Vervolgens heeft verweerder administratief onderzoek verricht naar de overgelegde bescheiden, waarvan de bevindingen zijn neergelegd in verschillende rapporten van bevindingen, allen met afsluitdatum 5 februari 2014. In de rapporten is vermeld dat acht woningen in Amsterdam mogelijk onrechtmatig verhuurd/bewoond worden.
1.3.
Op 4 maart 2014 heeft verweerder het voornemen geuit om aan eiseres een boete op leggen van in totaal € 96.000,- wegens het overtreden van de Huisvestingswet (oud). Eiseres heeft bij brief van 13 maart 2014 haar zienswijze gegeven op dit voornemen.
1.4.
Bij het primaire besluit heeft verweerder eiseres op grond van artikel 30, eerste lid, aanhef en onder a, van de destijds geldende Huisvestingswet een bestuurlijke boete opgelegd van in totaal € 96.000,-, omdat eiseres acht woonruimtes in Amsterdam aan de bestemming tot bewoning heeft onttrokken, zonder dat eiseres over de daarvoor vereiste vergunningen beschikte. De overtredingen zijn gelet op de bevindingen van het onderzoek aan eiseres toegerekend.
1.5.
Bij het bestreden besluit heeft verweerder het bezwaar van eiseres gegrond verklaard voor zover dit ziet op woning 6. Voor de overige zeven woningen heeft verweerder het primaire besluit gehandhaafd. Het betreft de woningen op de adressen:
  • [adres 1] (hierna: woning 1)
  • [adres 2] (hierna: woning 2)
  • [adres 3] (hierna: woning 3)
  • [adres 4] (hierna: woning 4)
  • [adres 5] (hierna: woning 5)
  • [adres 6] (hierna: woning 7)
  • [adres 7] (hierna: woning 8)
Omdat sprake is van zeven overtredingen, heeft verweerder de boete opnieuw vastgesteld op 7 x € 12.000,- = € 84.000,-.
1.6.
Hiertegen heeft eiseres gemotiveerd beroep ingesteld.

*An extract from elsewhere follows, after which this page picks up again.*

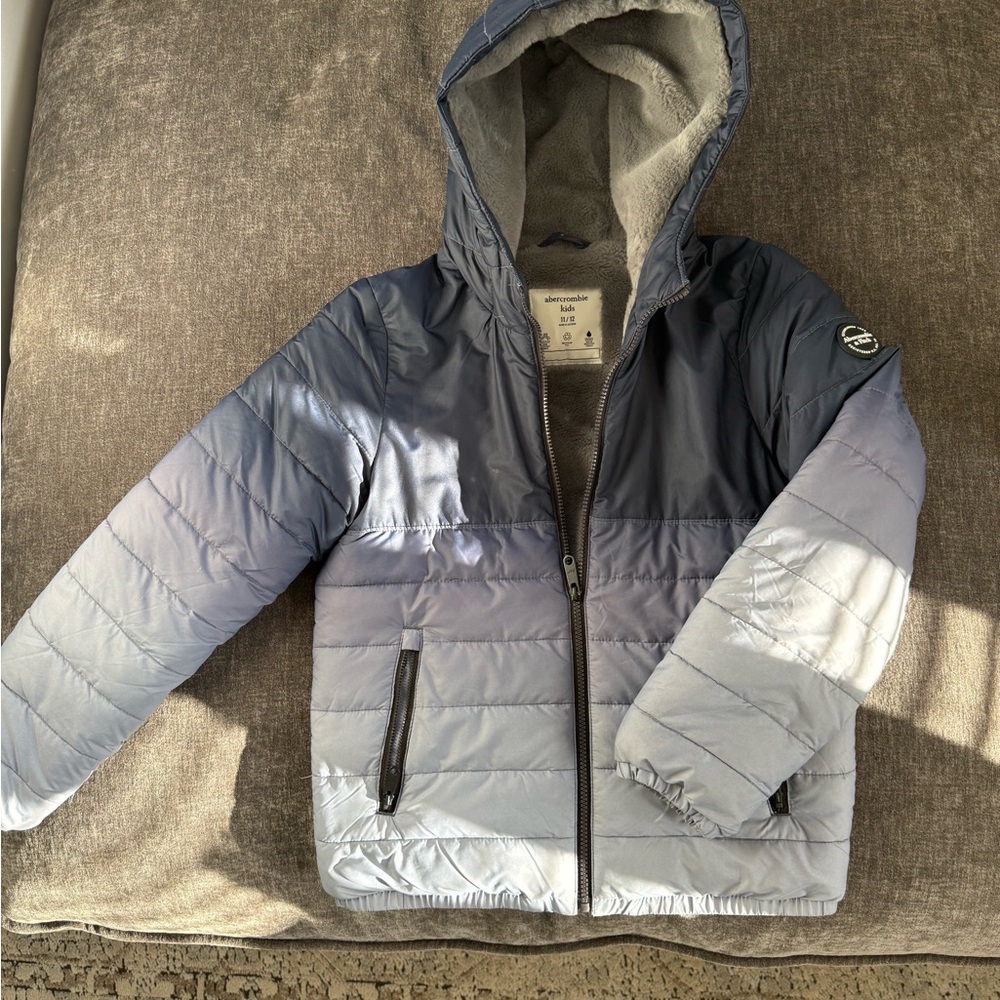 A&F Cozy Puffer Coat in a blue ombre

2. De rechtbank gaat uit van het volgende juridische kader.
2.1.
Artikel 30, eerste lid, aanhef en onder a, van de Huisvestingswet (oud) bepaalt – voor zover van belang – dat het verboden is een woonruimte die behoort tot een door de gemeenteraad in de huisvestingsverordening daartoe met het oog op het behoud of de samenstelling van de woonruimtevoorraad aangewezen categorie, zonder vergunning van burgemeester en wethouders aan de bestemming tot bewoning te onttrekken.
2.2.
Artikel 26, derde lid, van Regionale Huisvestingsverordening Stadsregio Amsterdam 2013 (hierna: de Verordening) bepaalt dat, met uitzondering van twee hier niet aan de orde zijnde situaties, als woonruimte als bedoeld in artikel 30 van de wet in de gemeente Amsterdam wordt aangewezen alle woonruimte ongeacht huur- of koopprijs.
2.3.
Artikel 27 van de Verordening bepaalt – voor zover van belang – dat het verboden is om woonruimte aangewezen in artikel 26, derde lid, zonder vergunning aan de bestemming tot bewoning te onttrekken.
2.4.
Artikel 59, eerste lid, van de Verordening – voor zover van belang – bepaalt dat
burgemeester en wethouders een bestuurlijke boete kunnen opleggen bij
overtreding van artikel 30 van de wet. In artikel 59, tweede lid en onder a, van de verordening is bepaald dat burgemeester en wethouders voor de eerste overtreding van de artikelen genoemd in het eerste lid een boete opleggen overeenkomstig kolom A van de bij artikel 59 behorende Bijlage 5. In Bijlage 5 is bepaald dat de boete voor onttrekking bij de eerste overtreding € 12.000,- bedraagt.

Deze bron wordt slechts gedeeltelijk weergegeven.